- Try it:
Setting aside any pictures, reproduce the data exactly.

- Data shown:
*** Begin section ***

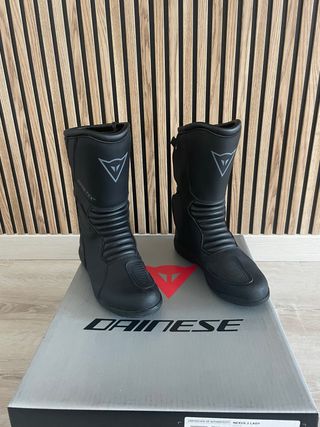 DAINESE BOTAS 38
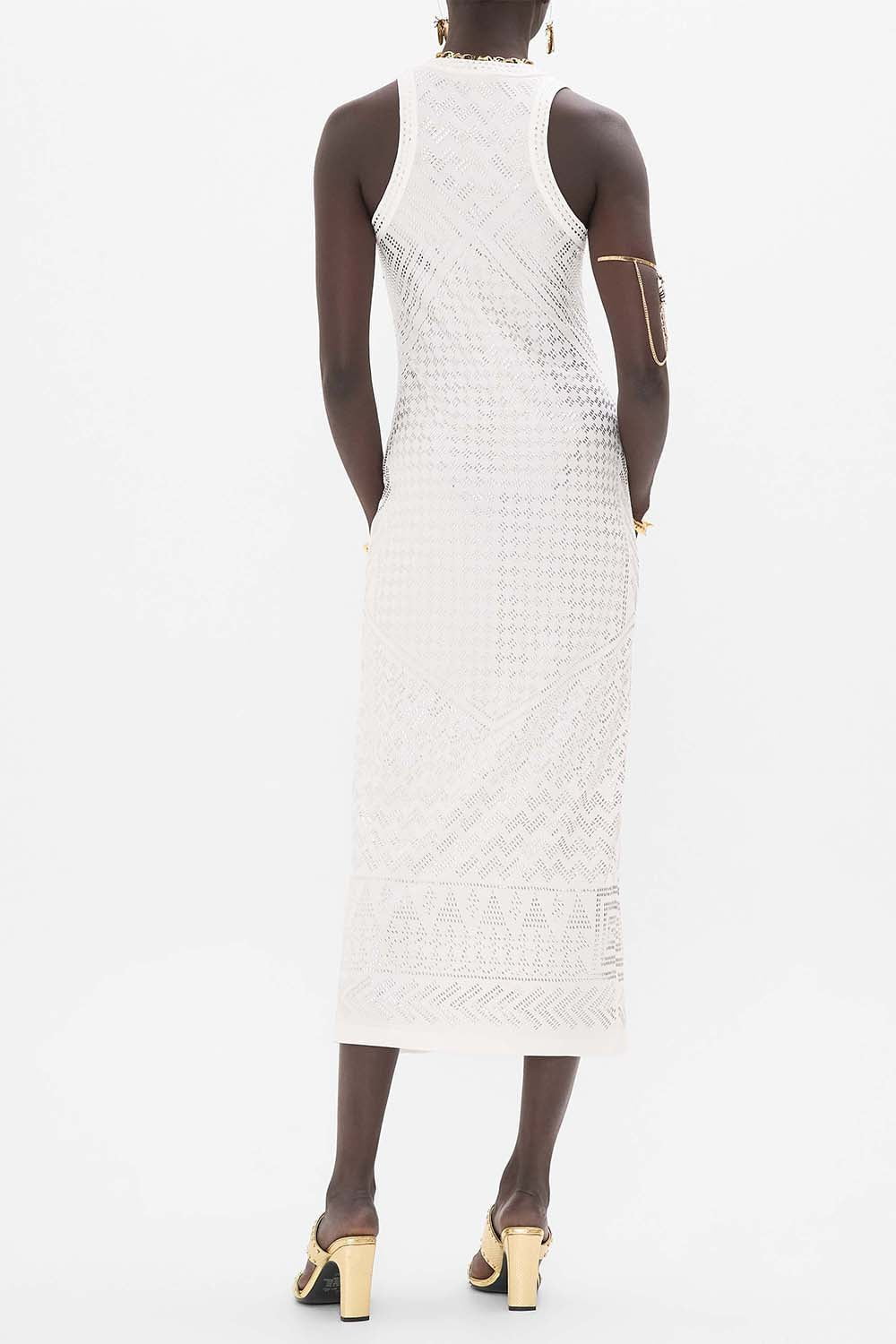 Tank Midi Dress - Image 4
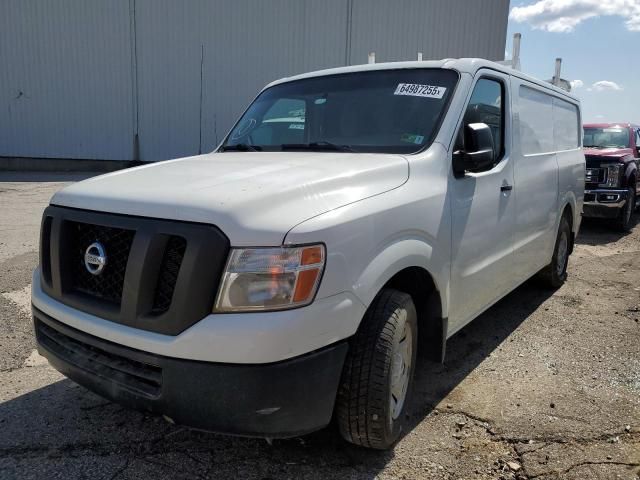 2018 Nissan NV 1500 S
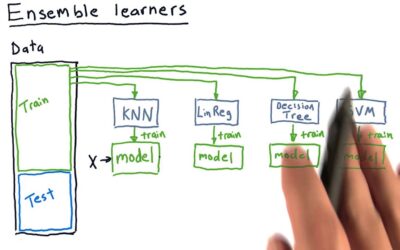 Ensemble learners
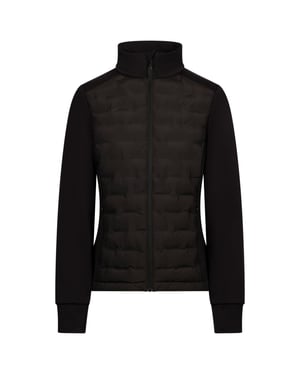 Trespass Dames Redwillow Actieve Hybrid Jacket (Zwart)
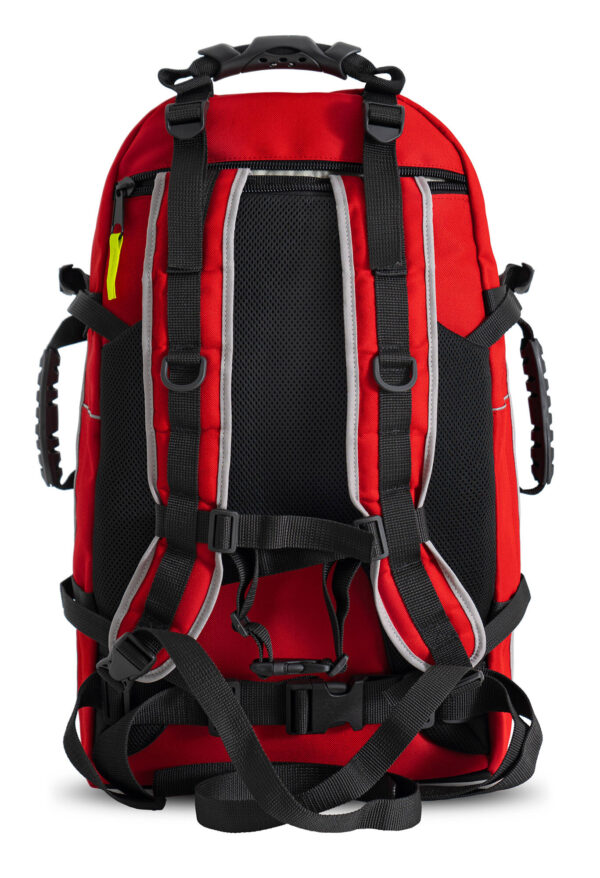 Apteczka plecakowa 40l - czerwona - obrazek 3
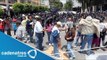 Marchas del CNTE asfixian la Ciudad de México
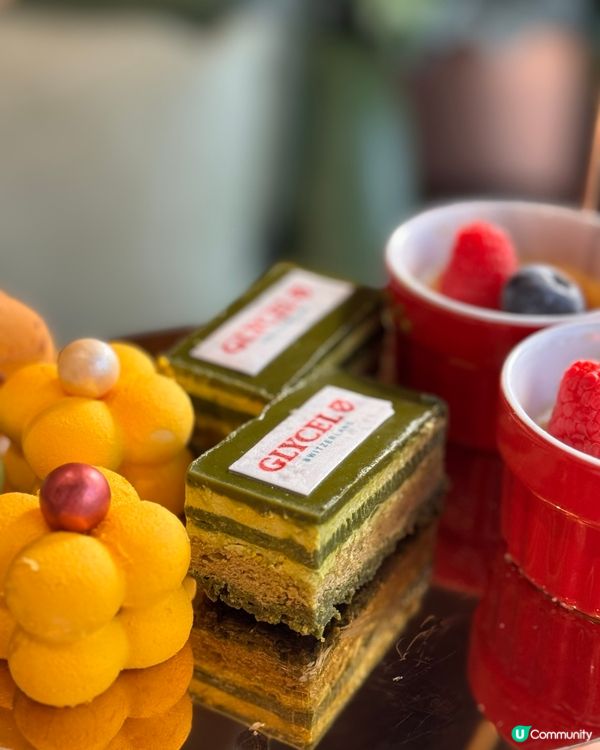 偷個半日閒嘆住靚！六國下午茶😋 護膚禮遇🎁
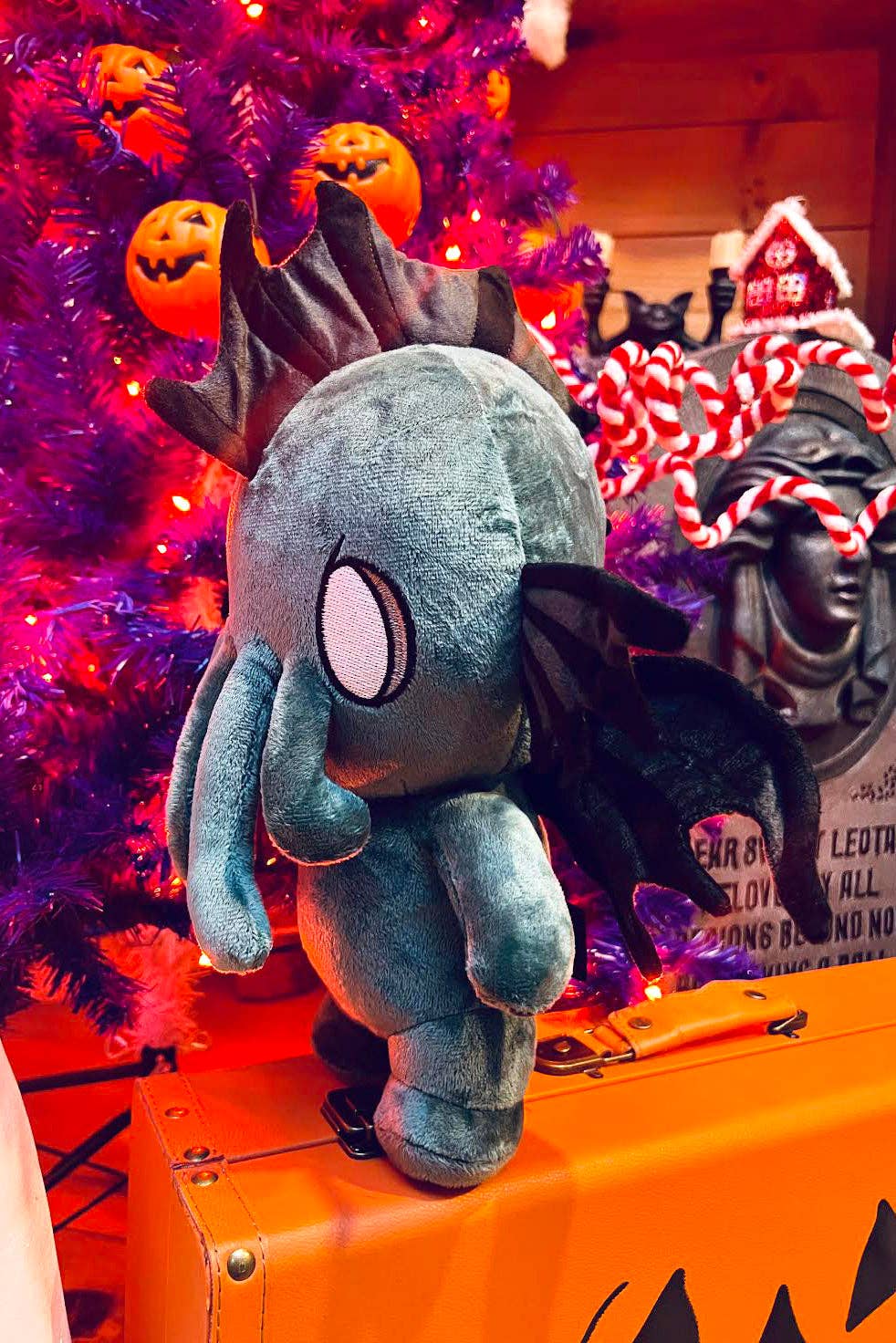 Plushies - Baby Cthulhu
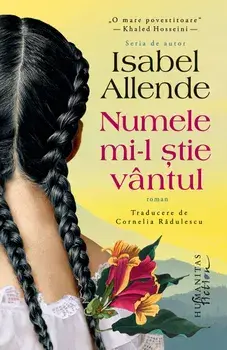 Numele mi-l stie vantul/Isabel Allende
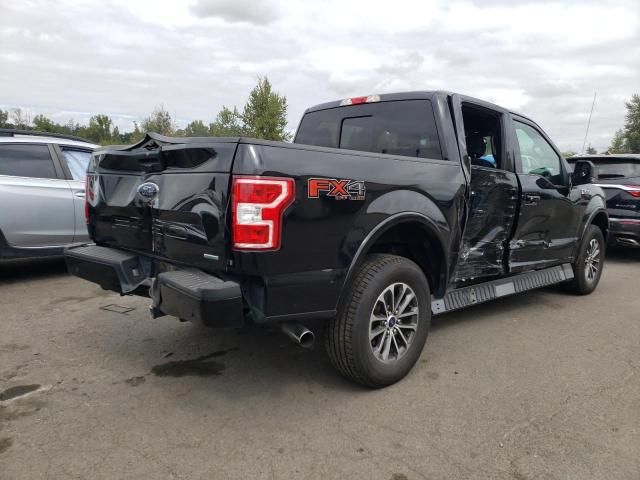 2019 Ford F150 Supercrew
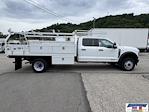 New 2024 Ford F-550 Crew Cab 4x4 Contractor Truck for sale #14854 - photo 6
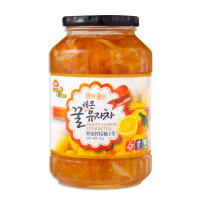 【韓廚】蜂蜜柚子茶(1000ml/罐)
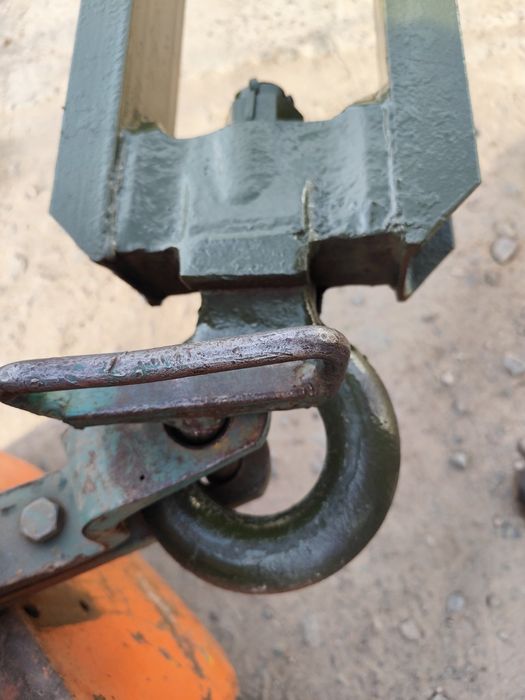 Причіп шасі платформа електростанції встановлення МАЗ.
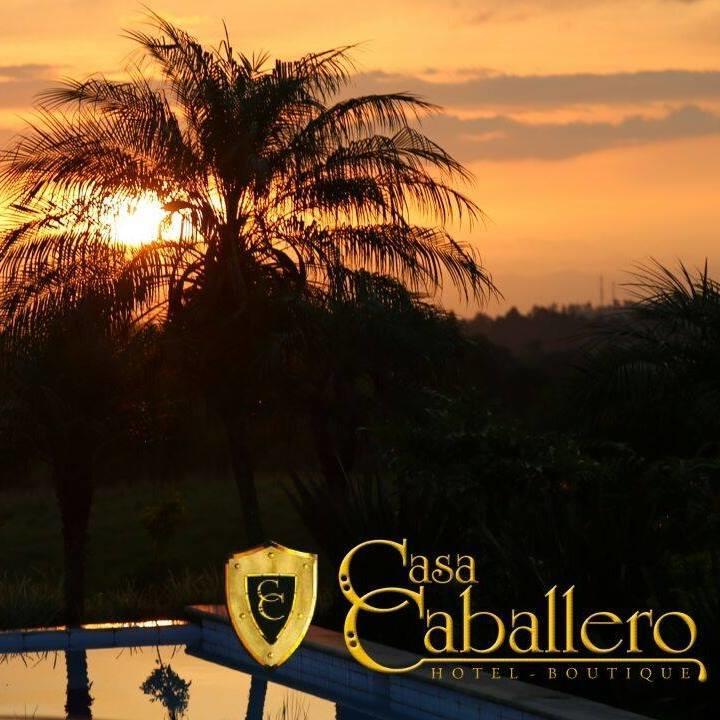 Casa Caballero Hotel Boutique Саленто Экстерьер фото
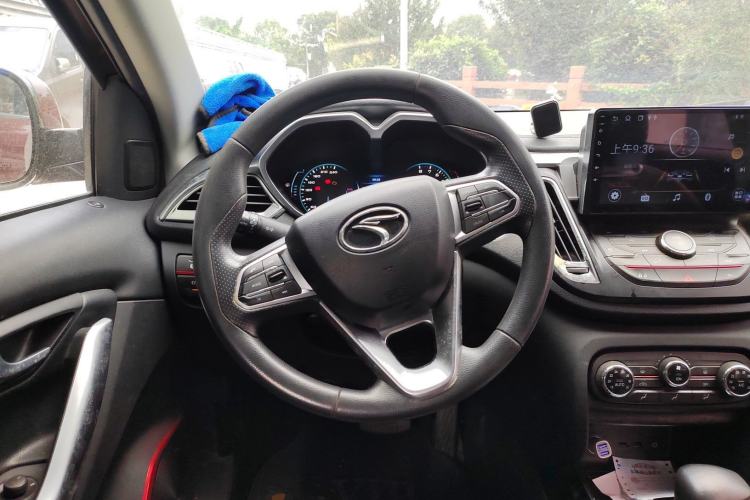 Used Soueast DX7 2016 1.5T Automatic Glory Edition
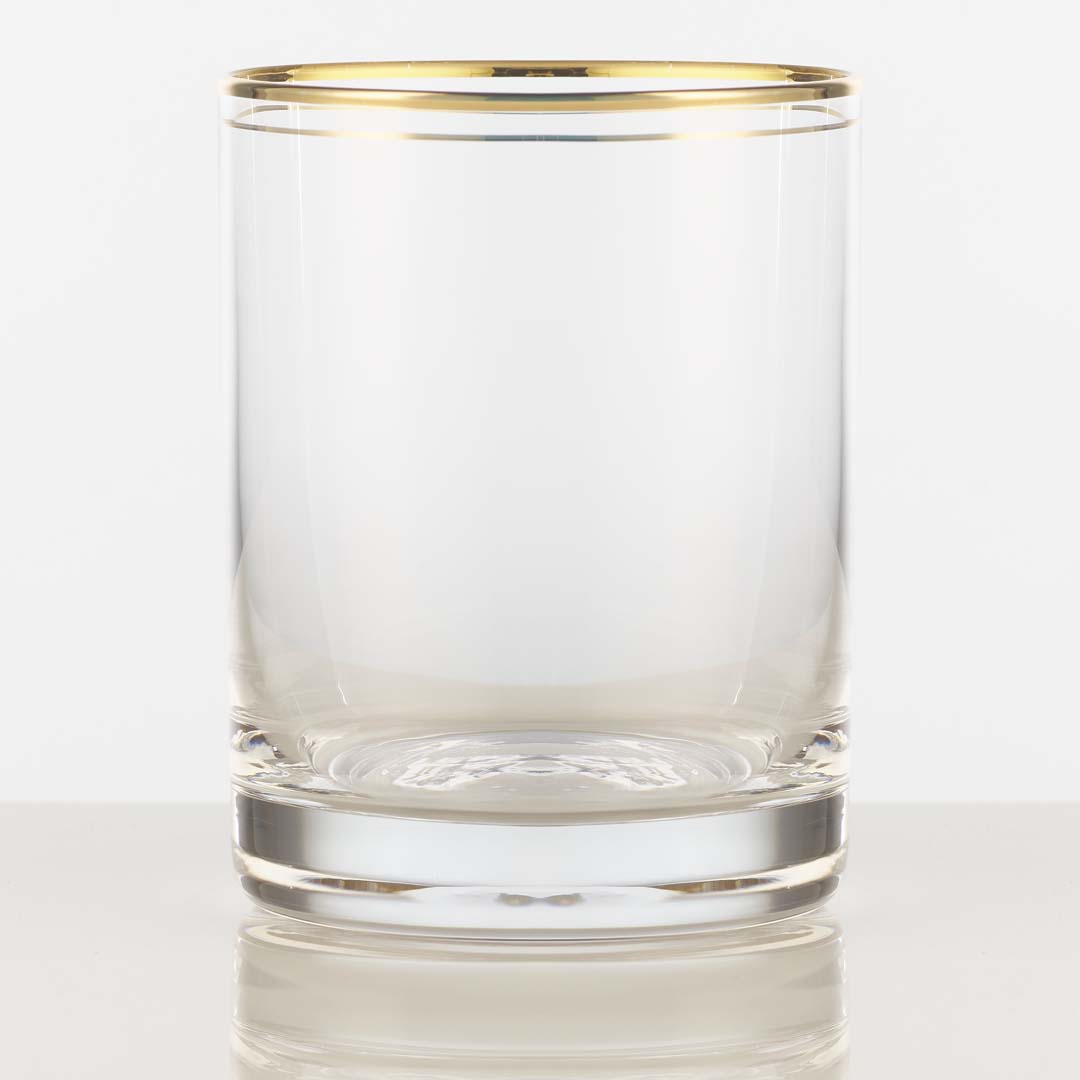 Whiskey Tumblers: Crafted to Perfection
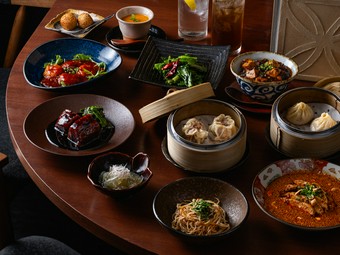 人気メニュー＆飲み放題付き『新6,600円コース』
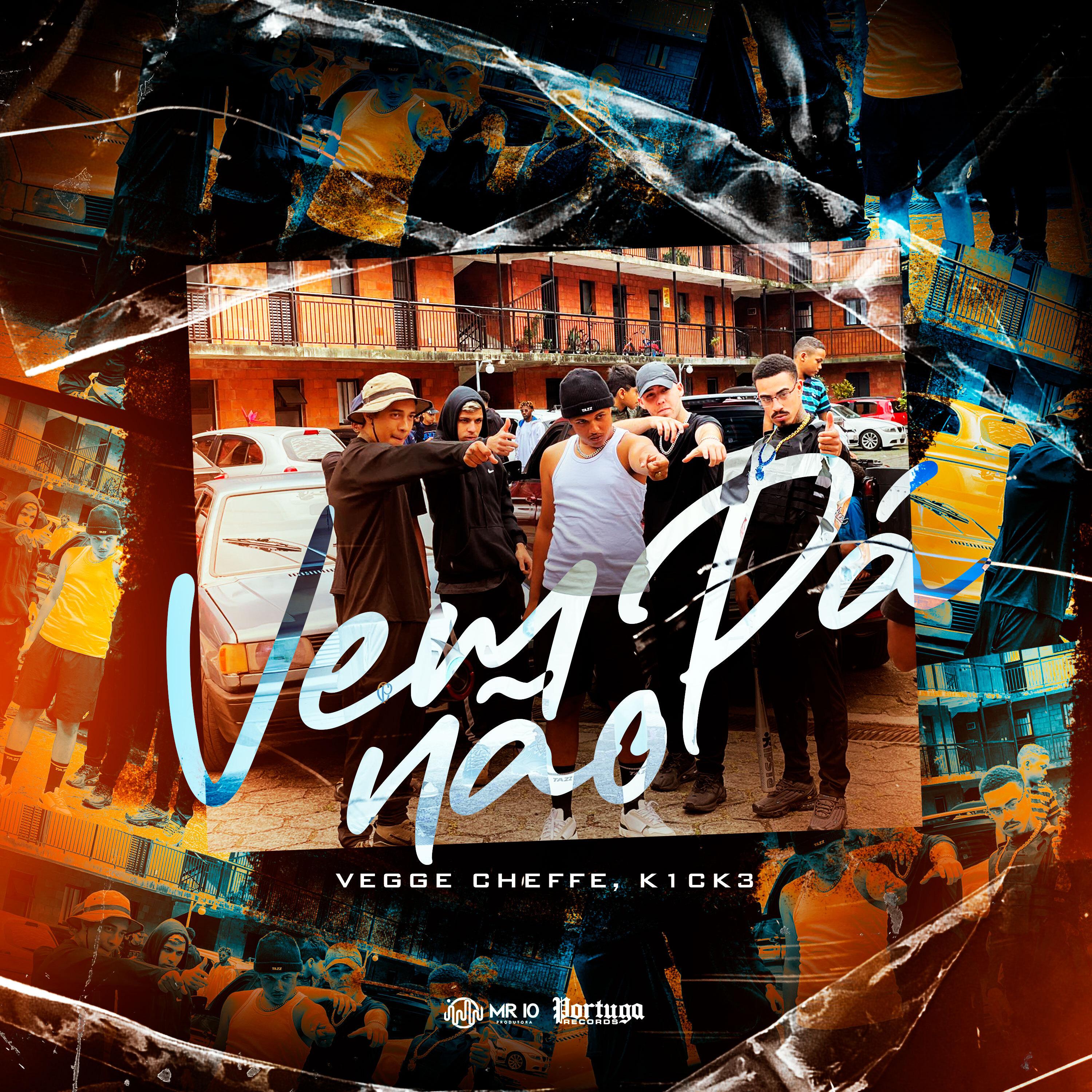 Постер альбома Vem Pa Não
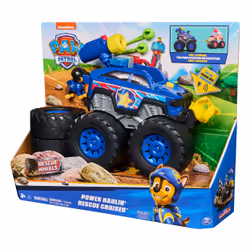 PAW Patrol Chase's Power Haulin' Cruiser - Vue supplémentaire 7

*** End section ***

- Task solution:
 DAINESE BOTAS 38
 Tank Midi Dress - Image 4
 2018 Nissan NV 1500 S
 Ensemble learners
 Trespass Dames Redwillow Actieve Hybrid Jacket (Zwart)
 Apteczka plecakowa 40l - czerwona - obrazek 3
 Marchas del CNTE asfixian la Ciudad de México
 偷個半日閒嘆住靚！六國下午茶😋 護膚禮遇🎁
 Plushies - Baby Cthulhu
 Numele mi-l stie vantul/Isabel Allende
 2019 Ford F150 Supercrew
 New 2024 Ford F-550 Crew Cab 4x4 Contractor Truck for sale #14854 - photo 6
 【韓廚】蜂蜜柚子茶(1000ml/罐)
 Причіп шасі платформа електростанції встановлення МАЗ.
 Casa Caballero Hotel Boutique Саленто Экстерьер фото
 Used Soueast DX7 2016 1.5T Automatic Glory Edition
 Whiskey Tumblers: Crafted to Perfection
 人気メニュー＆飲み放題付き『新6,600円コース』
 Постер альбома Vem Pa Não
 PAW Patrol Chase's Power Haulin' Cruiser - Vue supplémentaire 7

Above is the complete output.